I libri di cucina in Italia cominciarono a concentrarsi di più sul cibo regionale piuttosto che sulla cucina francese in questo periodo del 18° secolo. Invece di essere rivolti a cuochi professionisti, i libri dell'epoca erano prodotti per le casalinghe della classe medio-alta. Era risaputo nei testi medici del XVIII secolo che i cibi raffinati erano dannosi per la digestione dei contadini e quindi necessitavano di pasti abbondanti. Si pensava che i contadini mangiassero male perché gli piaceva così. Poiché non potevano permettersi altro, molti contadini erano costretti a consumare cibo cattivo e pane ammuffito.

Uno sguardo all'origine dei cibi italiani preferiti

ristoranti con musica dal vivo

Un nativo di Macerata nelle Marche, Antonio Nebbia, pubblicò Il Cuoco Maceratese nel 1779. (Inglese: The Cook of Macerata). C'è una forte enfasi sull'uso di verdure coltivate localmente e sulla pasta (riso, gnocchi) e pasta e riso. A parte il pesce, le verdure e il pollame erano i suoi ingredienti preferiti per il brodo. Per esempio, Il Cuoco Galante (inglese: The Courteous Chef) di Vincenzo Corrado, pubblicato a Napoli nel 1773, enfatizzava la carne pitagorica (inglese: cibo vegetariano). Erbe fresche, radici, fiori, frutti, semi e qualsiasi altra cosa che cresce sul terreno sono considerati parte della dieta pitagorica. Si chiama così perché Pitagora, come è noto, era un devoto esclusivamente di questo tipo di cibo. Con 13 ricette, questo libro è stato il primo a concentrarsi sul pomodoro. La zuppa di pomodoro del libro di Corrado, Zuppa alli pomidoro, è simile alla cucina toscana di oggi. Un "Trattato della patata" fu aggiunto all'edizione di Corrado del 1798 dopo la pappa al pomodoro francese.

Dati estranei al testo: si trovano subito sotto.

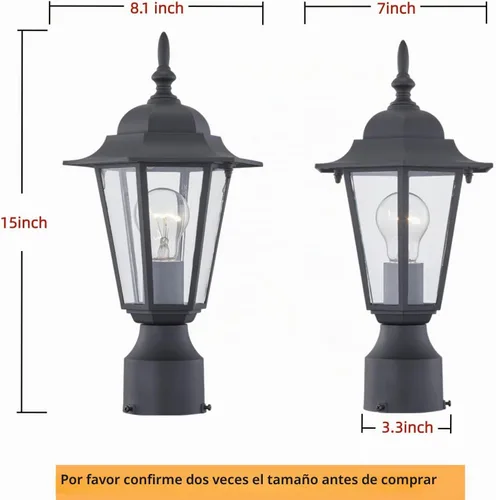 Vista 2 de WISBEAM Luz de poste para exteriores, linterna de poste, base E26 de 60 W máximo, carcasa de aluminio más vidrio, clasificación de ubicación húmeda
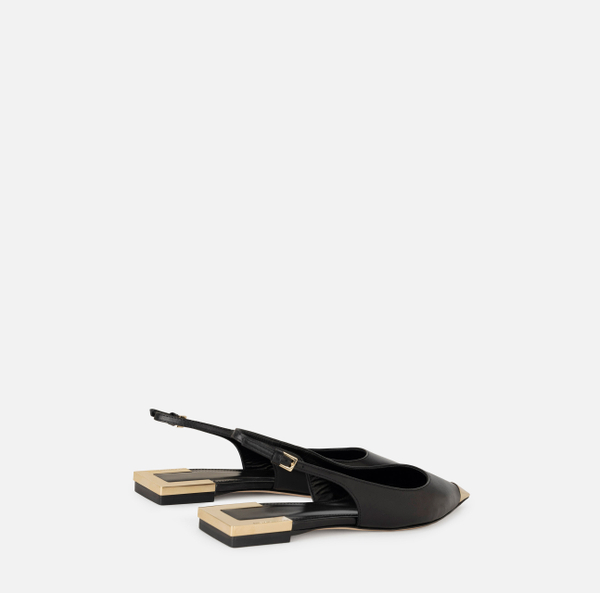 Elisabetta Franchi Escarpins Slingback Plats En Cuir Nappa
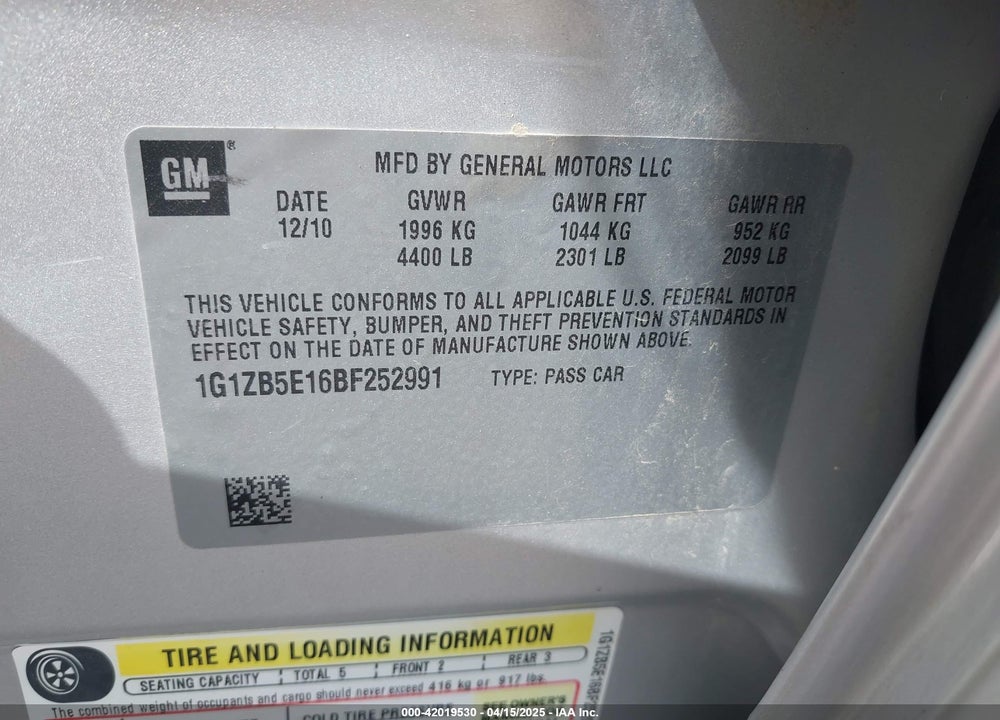 2011 CHEVROLET MALIBU VIN: 1G1ZB5E16BF252991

Altri libri sul cibo italiano e le arti culinarie

Chef del re Vittorio Emanuele II d'Italia, Giovanni Vialardi ha scritto piatti "appropriati per una famiglia umile" nel suo Trattato di cucina, Pasticceria moderna, Credenza e relativa Confettureria nel XIX secolo. Oltre a 12 ricette di patate, ha una pletora di ricette torinesi, tra cui il genovese Cappon Magro. Ricette milanesi come il rognone con acciughe e limone apparvero ne Il Nuovo Cuoco Milanese Economico di Giovanni Felice Luraschi nel 1829. Il libro di cucina di Pellegrino Artusi, pubblicato nel 1891, "La scienza della cucina e l'arte di mangiar bene", è generalmente considerato il canone della cucina italiana classica contemporanea ed è ancora disponibile per l'acquisto. Ha risieduto in Romagna e in Toscana, da dove provengono la maggior parte delle ricette.